[DATASET RECORDS Boundary: Start]

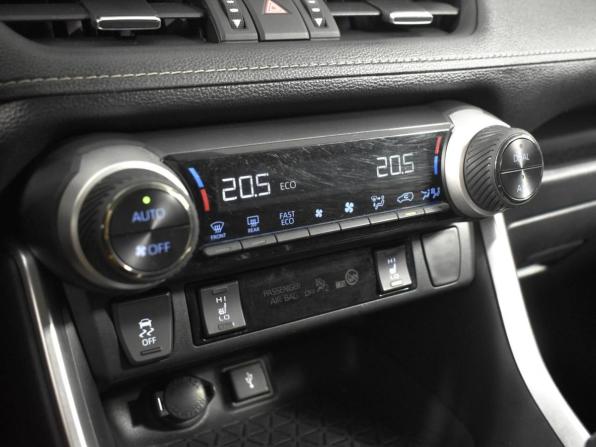 Toyota RAV4 V (XA50) с пробегом 2021 года, цена 2 723 100 рублей, 124741 км, внедорожник, Автокод Объявления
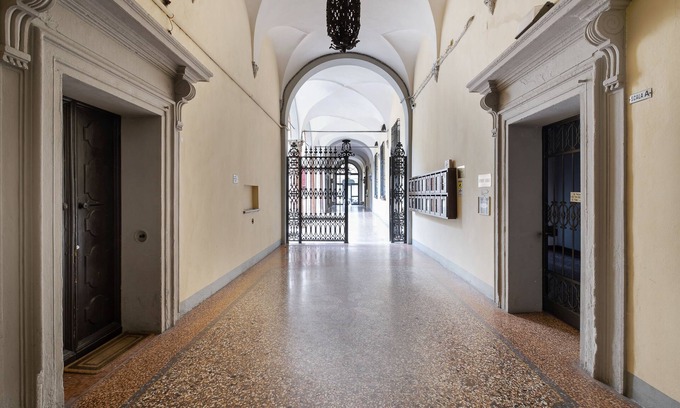 Historic Center Apartment | In the Shadow of the Two Towers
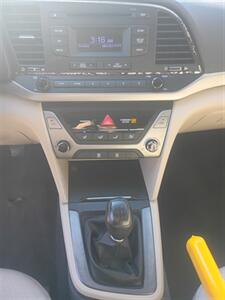 2017 Hyundai ELANTRA SE - Photo 11 - Smithfield, NC 27577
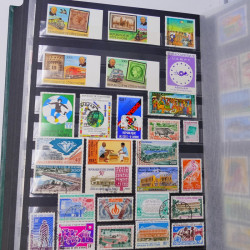 Lot massif de timbres du monde neufs et oblitérés en 9 albums.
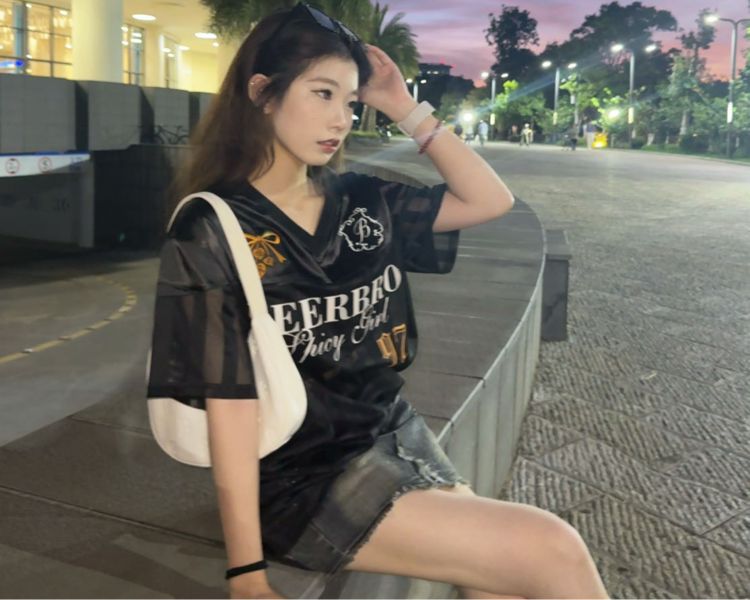 艺人背景图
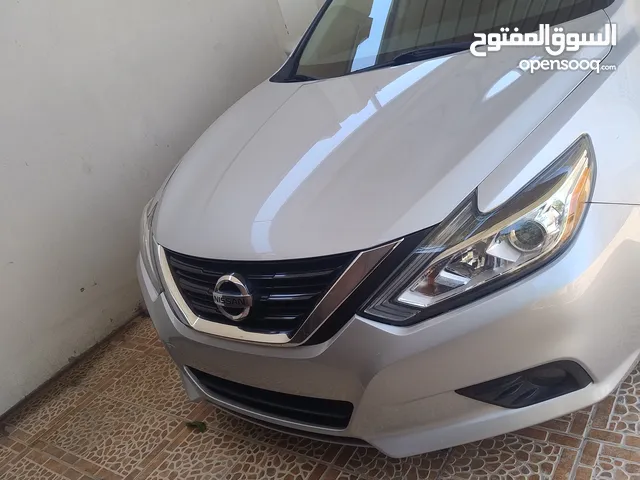 نيسان ألتيماSV بحالة ممتازة موديل2018 للبيع
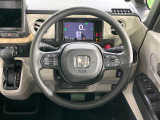インテリアに合わせたデザインのステアリングは、運転される方のことも考え、運転しやすい形状、大きさです。是非一度、実際に触ってお確かめください。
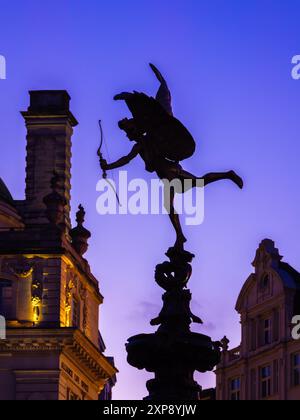 London, Großbritannien - 25. Juni 2024: Eros-Statue in der Dämmerung im Piccadilly Circus in London Stockfoto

[DATASET RECORDS Boundary: End]

None of the pictures should be carried over when the data above is transcribed exactly.

 Toyota RAV4 V (XA50) с пробегом 2021 года, цена 2 723 100 рублей, 124741 км, внедорожник, Автокод Объявления
 Historic Center Apartment | In the Shadow of the Two Towers
 2017 Hyundai ELANTRA SE - Photo 11 - Smithfield, NC 27577
 Lot massif de timbres du monde neufs et oblitérés en 9 albums.
 艺人背景图
 نيسان ألتيماSV بحالة ممتازة موديل2018 للبيع
インテリアに合わせたデザインのステアリングは、運転される方のことも考え、運転しやすい形状、大きさです。是非一度、実際に触ってお確かめください。
 London, Großbritannien - 25. Juni 2024: Eros-Statue in der Dämmerung im Piccadilly Circus in London Stockfoto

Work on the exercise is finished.